What to do ->
Please give the lines below again exactly as they stand, from the one that contains "May include: A" up to and including the one that contains "English Fella 2のヘッドティーチャー。学校のロゴの前に講師6人が並ぶ", leaving all pictures out.

Task inputs ->

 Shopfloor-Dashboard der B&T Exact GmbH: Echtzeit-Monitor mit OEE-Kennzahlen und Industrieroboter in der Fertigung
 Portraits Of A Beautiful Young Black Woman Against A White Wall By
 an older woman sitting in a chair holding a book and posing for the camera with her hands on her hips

...

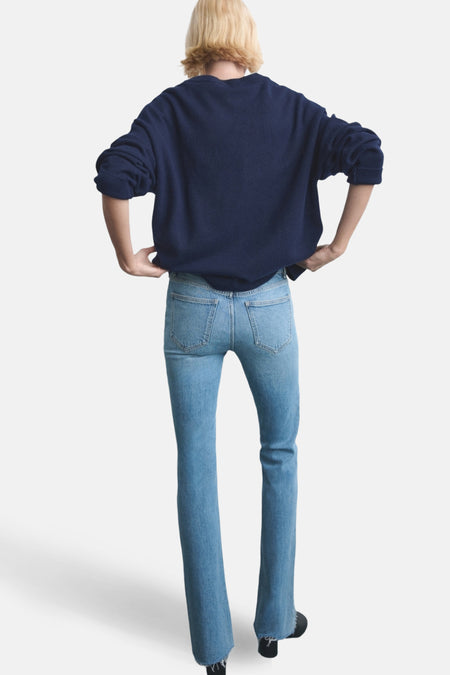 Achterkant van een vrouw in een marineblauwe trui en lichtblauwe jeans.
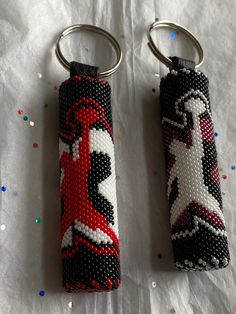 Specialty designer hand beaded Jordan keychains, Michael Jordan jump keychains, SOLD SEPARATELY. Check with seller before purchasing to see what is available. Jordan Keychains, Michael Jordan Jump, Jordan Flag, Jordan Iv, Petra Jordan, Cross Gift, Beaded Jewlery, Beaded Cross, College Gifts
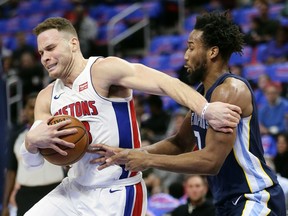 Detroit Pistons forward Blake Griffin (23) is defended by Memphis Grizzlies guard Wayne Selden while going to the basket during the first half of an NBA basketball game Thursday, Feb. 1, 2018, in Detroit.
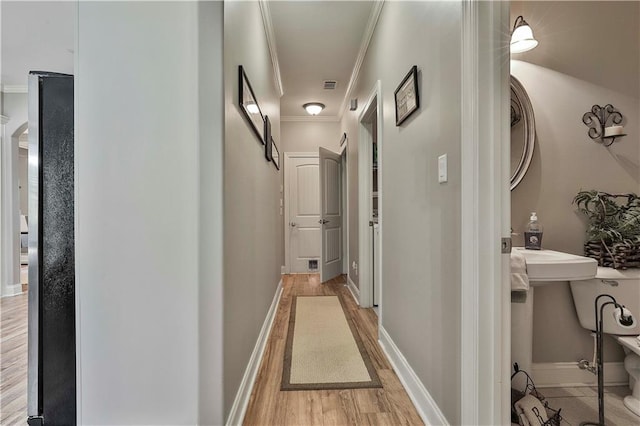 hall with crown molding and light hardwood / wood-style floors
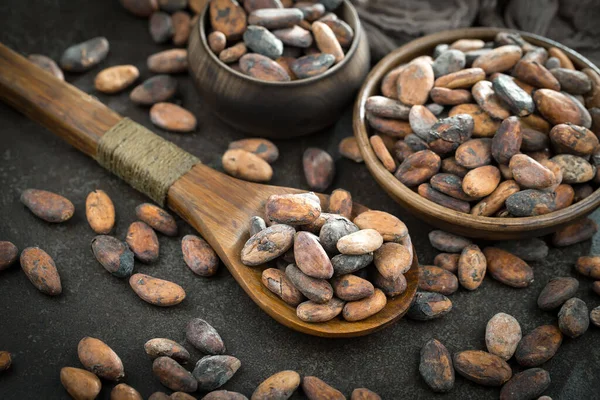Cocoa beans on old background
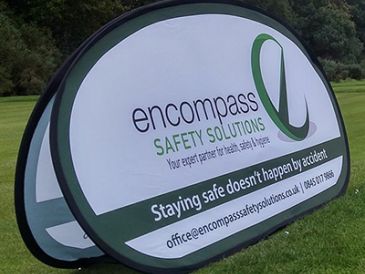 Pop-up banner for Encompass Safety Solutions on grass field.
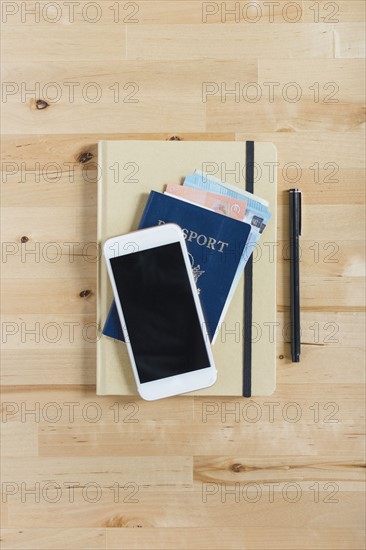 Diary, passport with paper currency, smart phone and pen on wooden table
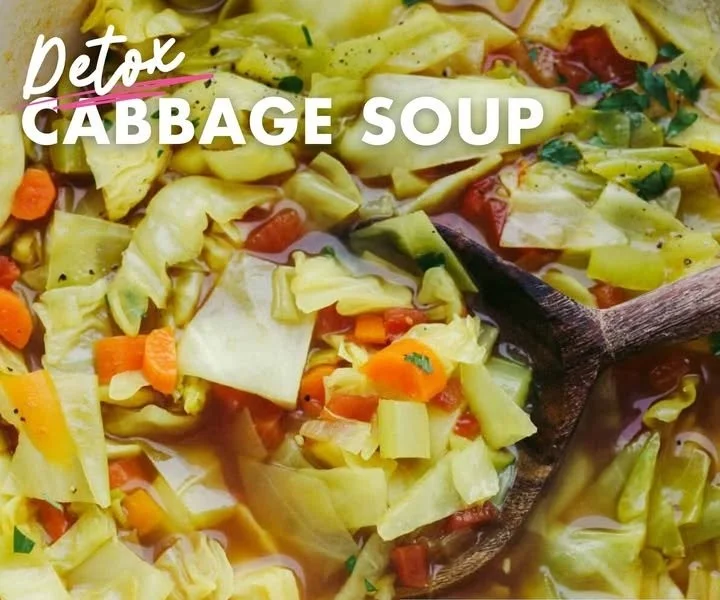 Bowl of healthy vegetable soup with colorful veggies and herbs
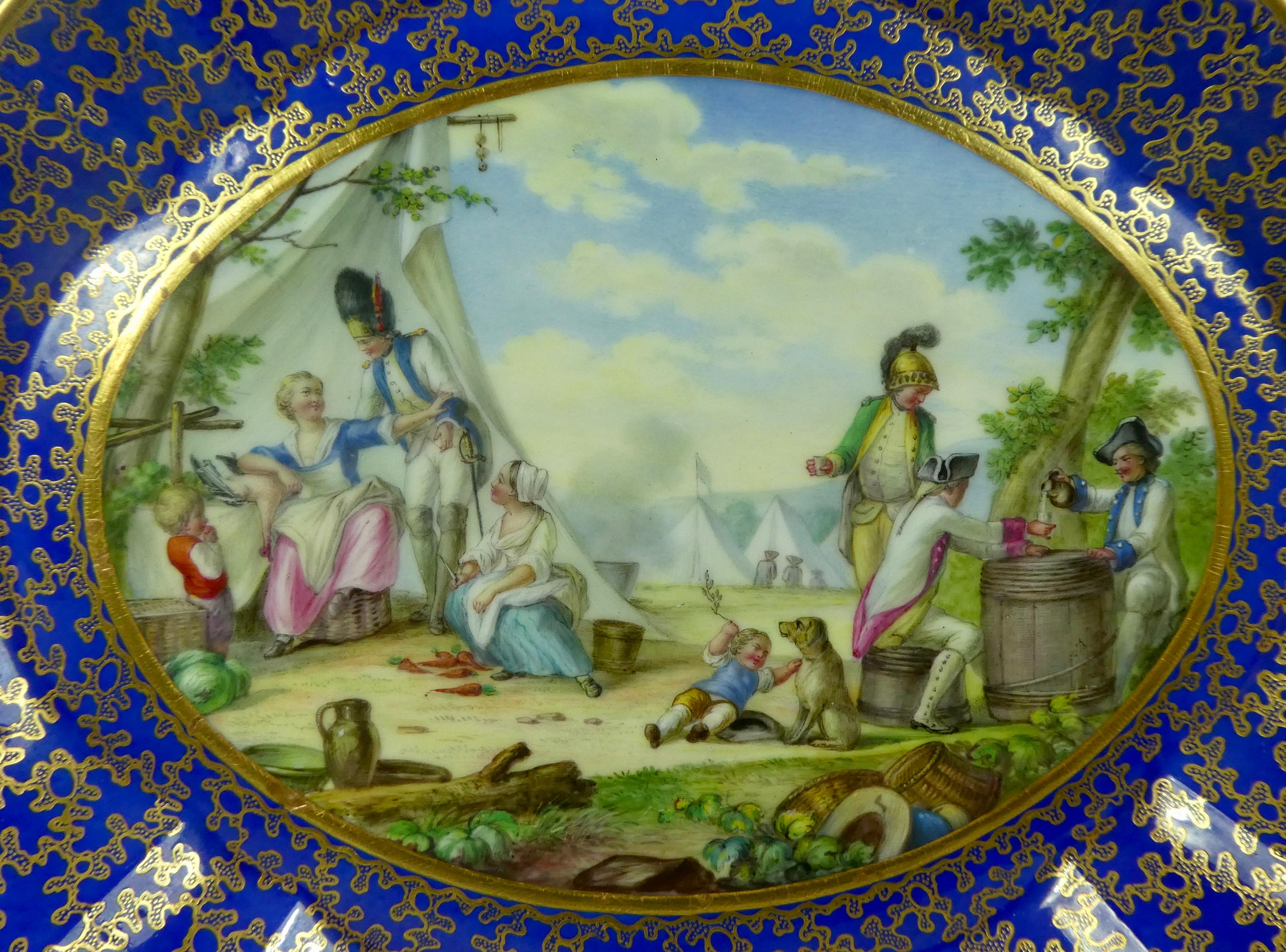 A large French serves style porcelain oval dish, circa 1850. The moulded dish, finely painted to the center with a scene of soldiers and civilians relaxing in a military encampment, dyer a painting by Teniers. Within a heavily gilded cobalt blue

---

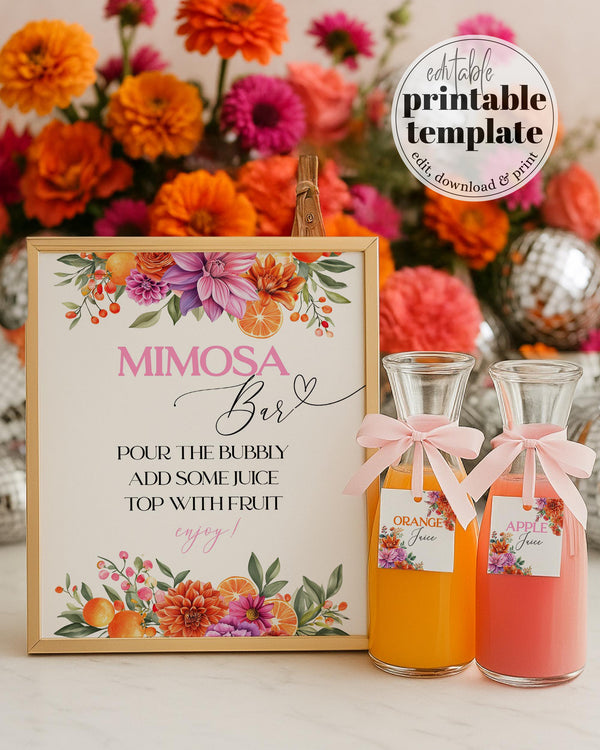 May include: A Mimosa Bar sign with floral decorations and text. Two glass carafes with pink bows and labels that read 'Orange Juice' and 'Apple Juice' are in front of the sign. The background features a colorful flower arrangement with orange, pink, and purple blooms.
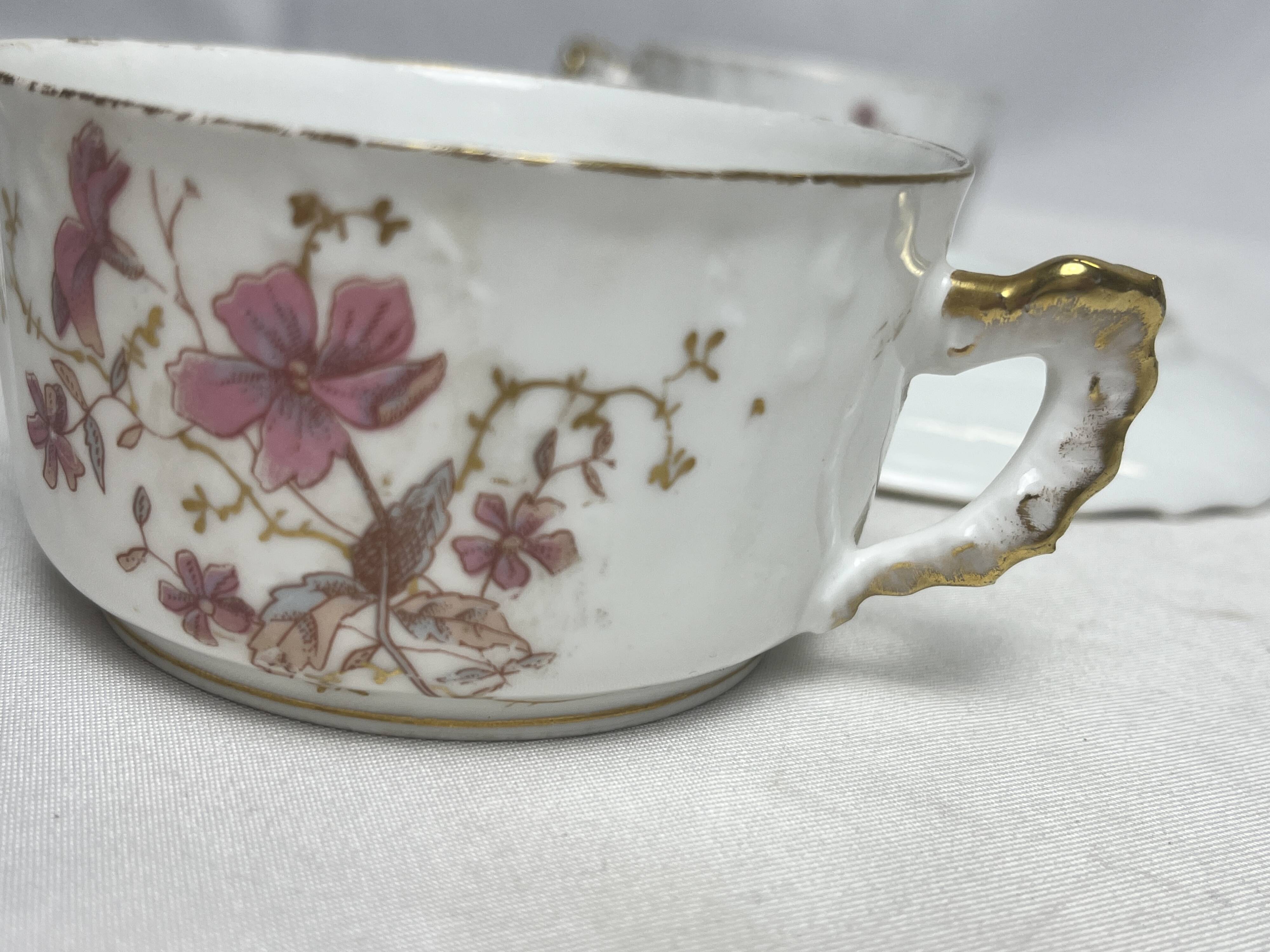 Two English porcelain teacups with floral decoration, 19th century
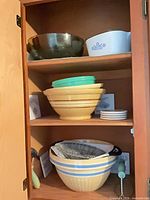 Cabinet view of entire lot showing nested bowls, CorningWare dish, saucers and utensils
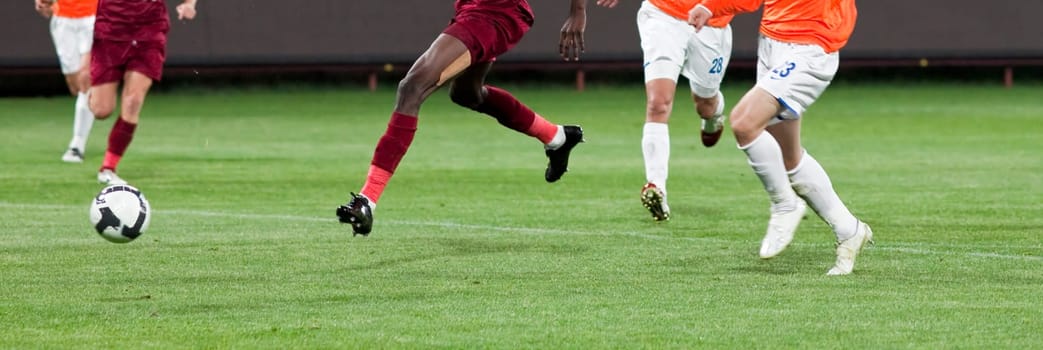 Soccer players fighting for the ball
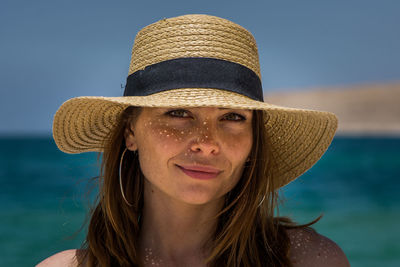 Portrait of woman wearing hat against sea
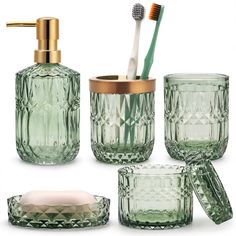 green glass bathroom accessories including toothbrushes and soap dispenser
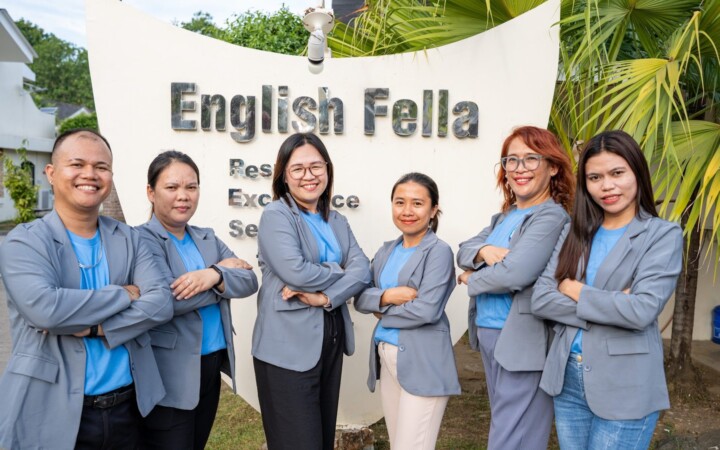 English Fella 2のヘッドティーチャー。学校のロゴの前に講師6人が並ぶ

Task solution ->
 May include: A Mimosa Bar sign with floral decorations and text. Two glass carafes with pink bows and labels that read 'Orange Juice' and 'Apple Juice' are in front of the sign. The background features a colorful flower arrangement with orange, pink, and purple blooms.
 Two English porcelain teacups with floral decoration, 19th century
 Cabinet view of entire lot showing nested bowls, CorningWare dish, saucers and utensils
 Soccer players fighting for the ball
 Portrait of woman wearing hat against sea
 green glass bathroom accessories including toothbrushes and soap dispenser
 English Fella 2のヘッドティーチャー。学校のロゴの前に講師6人が並ぶ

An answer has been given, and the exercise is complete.